-- Work to complete --
Write out all the data verbatim. Skip images.
**** The records
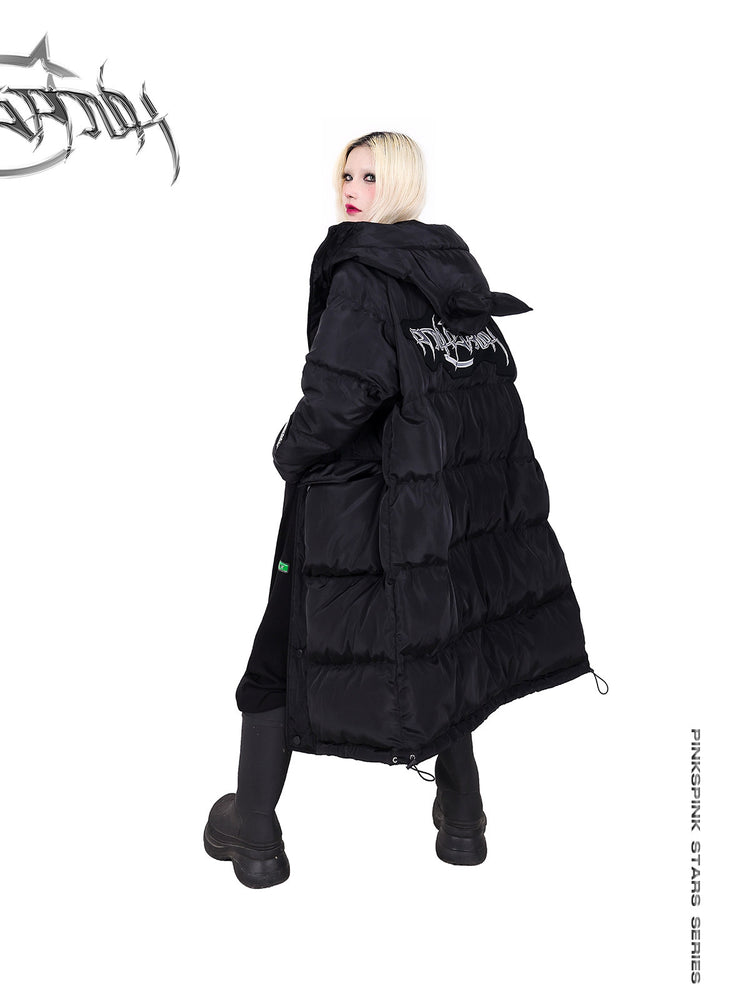PINKSPINK CAT ALIEN long cat-ear padded coat — rear three-quarter modeled view looking back with hood down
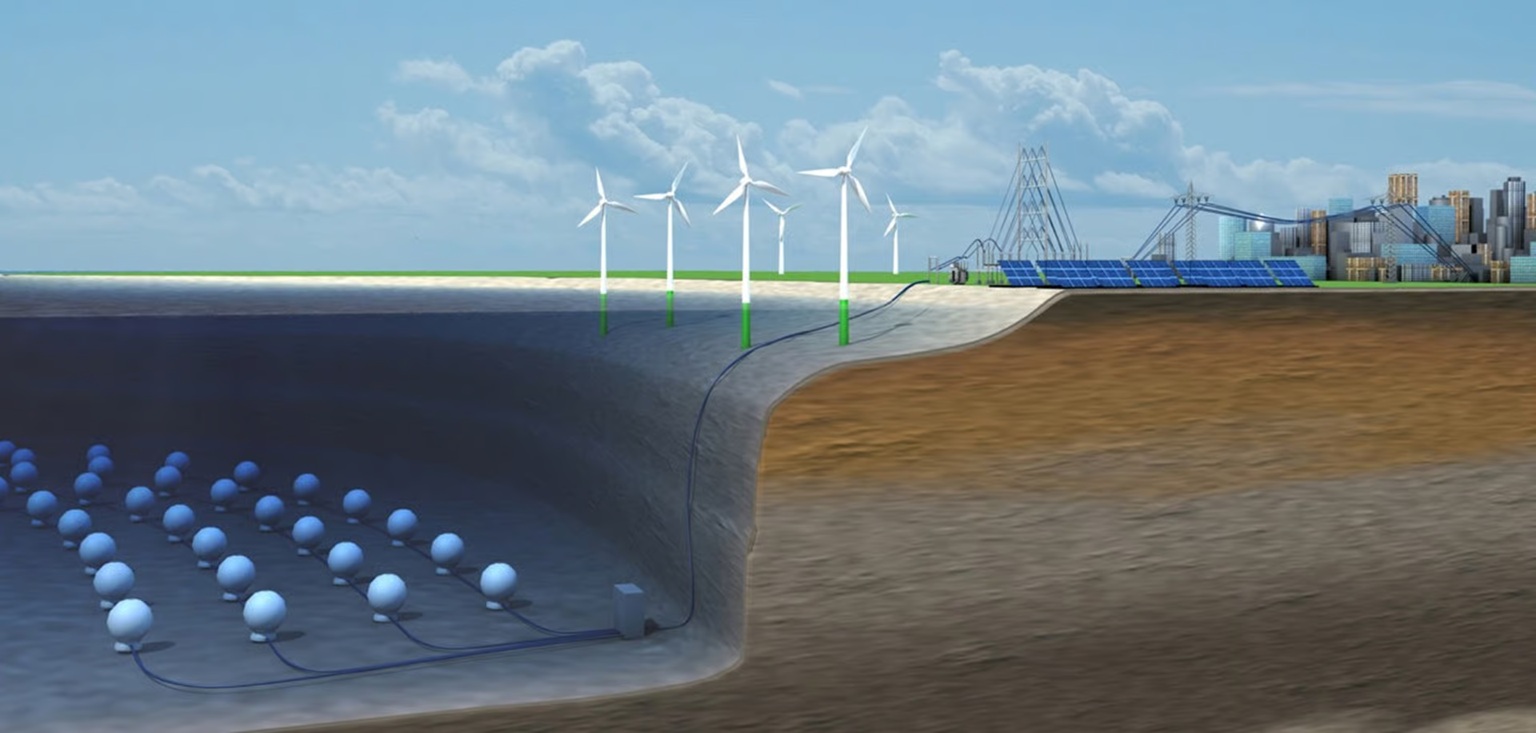 Betonové bubliny u větrné farmy. Kredit: Fraunhofer IEE.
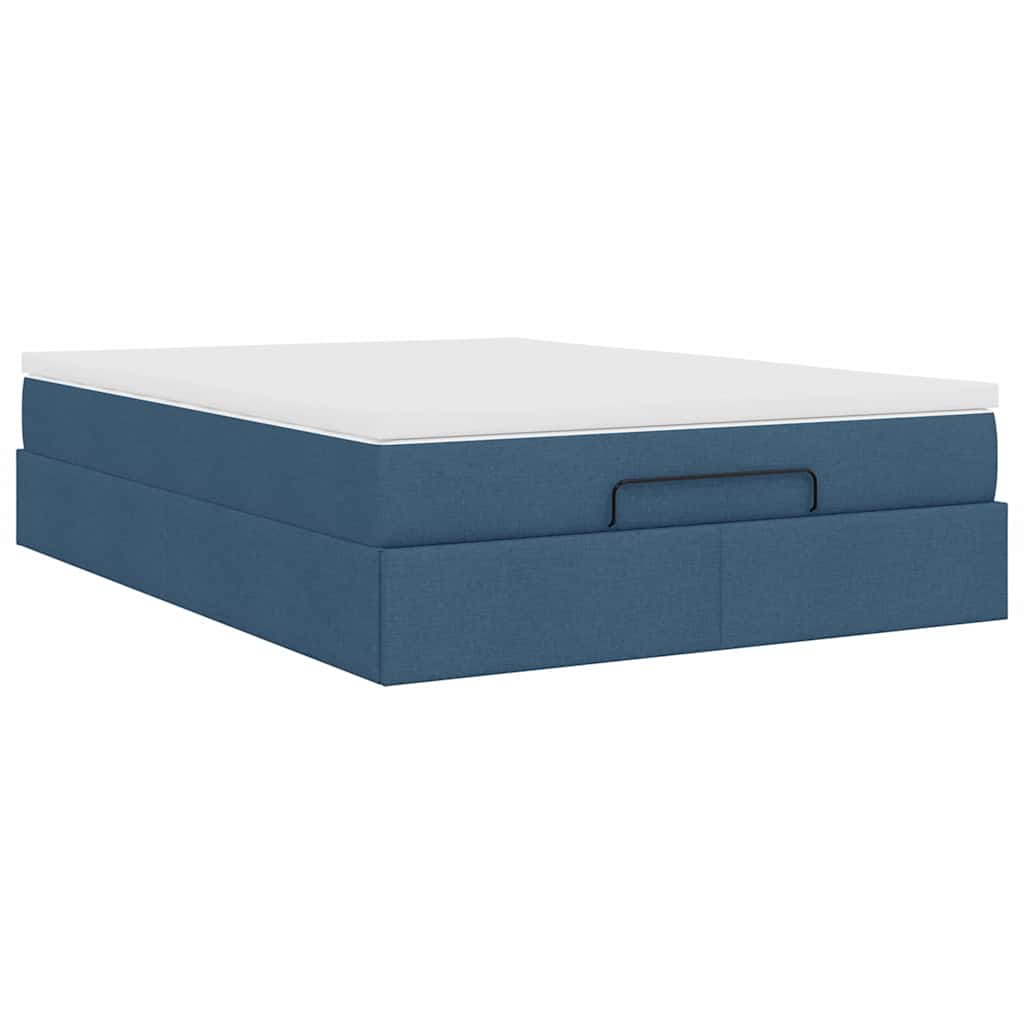 Ottoman-Bett mit Matratze Blau 140x200 cm Stoff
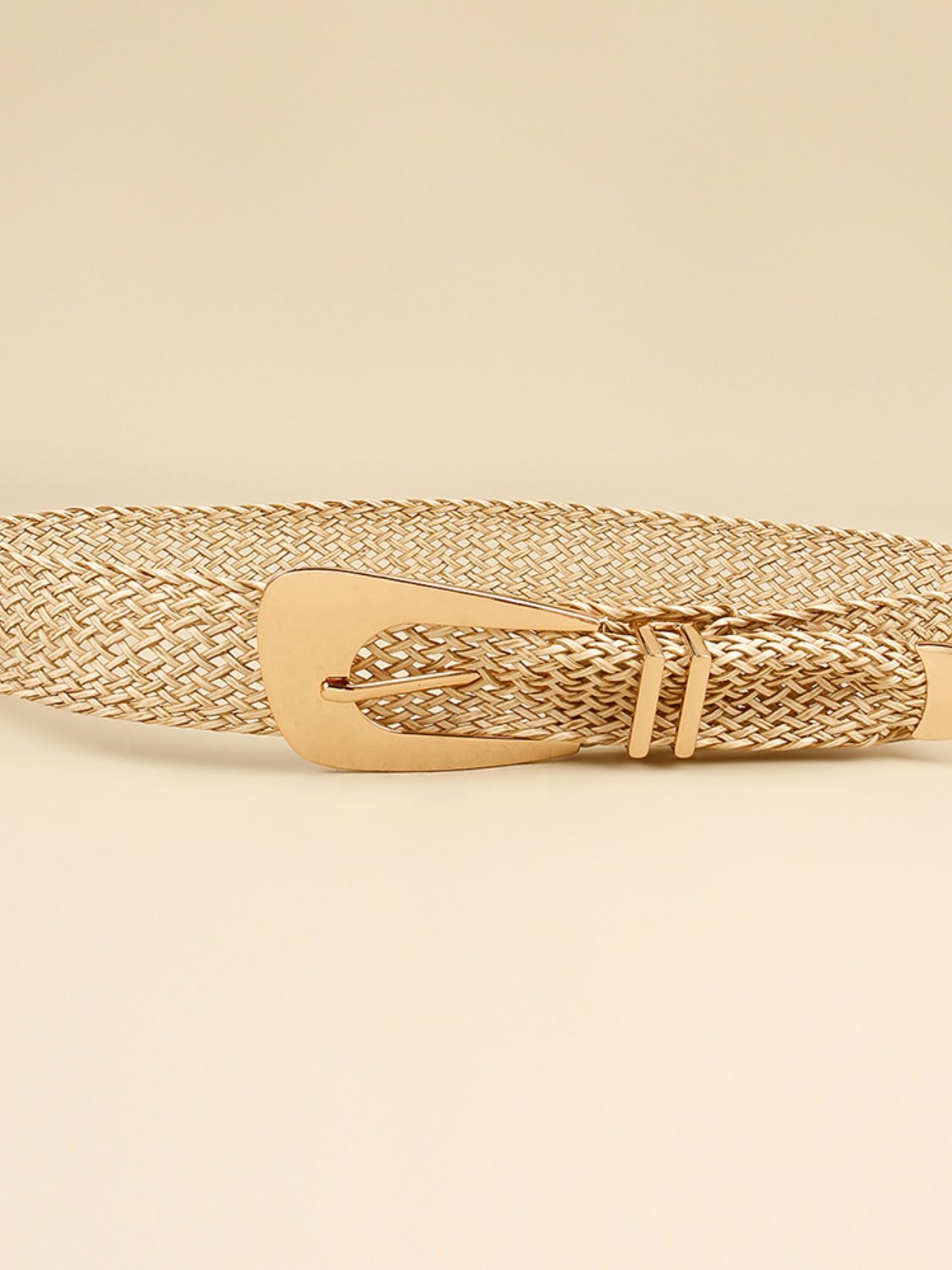 irregular buckle braid belt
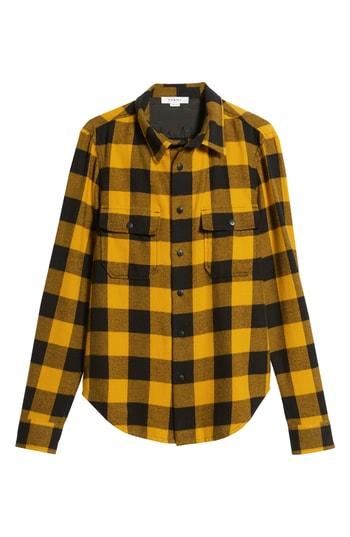 Men's Frame Classic Fit Buffalo Plaid Shirt Jacket, Size - Yellow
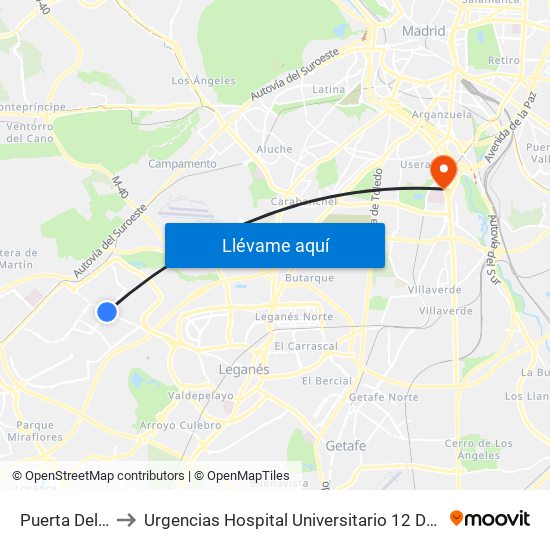 Puerta Del Sur to Urgencias Hospital Universitario 12 De Octubre map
********
-- Answer for this exercise --
PINKSPINK CAT ALIEN long cat-ear padded coat — rear three-quarter modeled view looking back with hood down
 Betonové bubliny u větrné farmy. Kredit: Fraunhofer IEE.
 Ottoman-Bett mit Matratze Blau 140x200 cm Stoff
 irregular buckle braid belt
 Men's Frame Classic Fit Buffalo Plaid Shirt Jacket, Size - Yellow
 Puerta Del Sur to Urgencias Hospital Universitario 12 De Octubre map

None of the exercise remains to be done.